There had been far too many reminders of that lately for Draco’s tastes. Granger made as if to enter - to try and slap Draco again or something, he supposed - but Pansy blocked the doorway.

“Sorry, we have a strict No Mudbloods policy,” Pansy sneered. “I’ve just cleaned the carpets, you see.”

Granger ignored Pansy entirely, turning her fury on Draco instead. “You know, I came here to apologise for last night, but forget it. I never want to see you again!”

“Ooh, what a great loss your company will be,” Pansy called after her, as Granger wheeled away and stomped off. Pansy slammed the door and met Draco’s gaze, ready for a fight. “What?”

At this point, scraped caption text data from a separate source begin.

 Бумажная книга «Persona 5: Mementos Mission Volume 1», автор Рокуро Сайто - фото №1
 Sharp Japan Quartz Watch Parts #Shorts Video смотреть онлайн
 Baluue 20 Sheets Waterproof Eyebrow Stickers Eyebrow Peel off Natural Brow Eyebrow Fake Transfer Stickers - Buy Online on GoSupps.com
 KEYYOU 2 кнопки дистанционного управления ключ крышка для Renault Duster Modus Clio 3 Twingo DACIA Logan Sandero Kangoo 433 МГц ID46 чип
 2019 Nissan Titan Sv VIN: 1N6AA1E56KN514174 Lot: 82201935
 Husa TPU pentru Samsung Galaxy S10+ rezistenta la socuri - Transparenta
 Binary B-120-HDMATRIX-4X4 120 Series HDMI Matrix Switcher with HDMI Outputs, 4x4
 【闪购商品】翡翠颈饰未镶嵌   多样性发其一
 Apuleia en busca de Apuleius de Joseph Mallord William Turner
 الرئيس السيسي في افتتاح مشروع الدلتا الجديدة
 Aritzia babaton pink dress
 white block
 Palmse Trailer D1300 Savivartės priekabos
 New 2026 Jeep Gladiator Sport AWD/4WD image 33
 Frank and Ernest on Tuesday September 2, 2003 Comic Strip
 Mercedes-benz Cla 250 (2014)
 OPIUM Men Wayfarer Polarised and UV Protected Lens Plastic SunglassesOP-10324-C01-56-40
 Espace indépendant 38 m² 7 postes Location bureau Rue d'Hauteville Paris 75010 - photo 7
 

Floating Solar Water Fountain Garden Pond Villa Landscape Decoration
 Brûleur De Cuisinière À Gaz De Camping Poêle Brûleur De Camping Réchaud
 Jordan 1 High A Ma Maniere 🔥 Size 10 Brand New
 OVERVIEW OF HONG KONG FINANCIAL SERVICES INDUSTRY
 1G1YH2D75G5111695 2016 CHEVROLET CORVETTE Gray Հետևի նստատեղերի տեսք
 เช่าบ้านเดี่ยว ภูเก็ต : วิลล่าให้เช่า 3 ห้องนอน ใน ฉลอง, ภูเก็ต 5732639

“I’m going back to bed,” he muttered, turning away.

It was for the best.

* * * *

It was 03:27. The numbers glowed red in the pitch dark of Draco’s room. Five hours and thirty three minutes until his father’s trial. Five hours and thirty two minutes. Thirty one. Had he done enough? Had he put out enough bribes? Too many? Had Tiberius Odgen liked him? Had his comments about goblin rights gone down well with Griselda Marchbanks? She had seemed impressed at the time, but then there had been that thing with Weasley. Maybe he should have stayed to smooth things over afterwards.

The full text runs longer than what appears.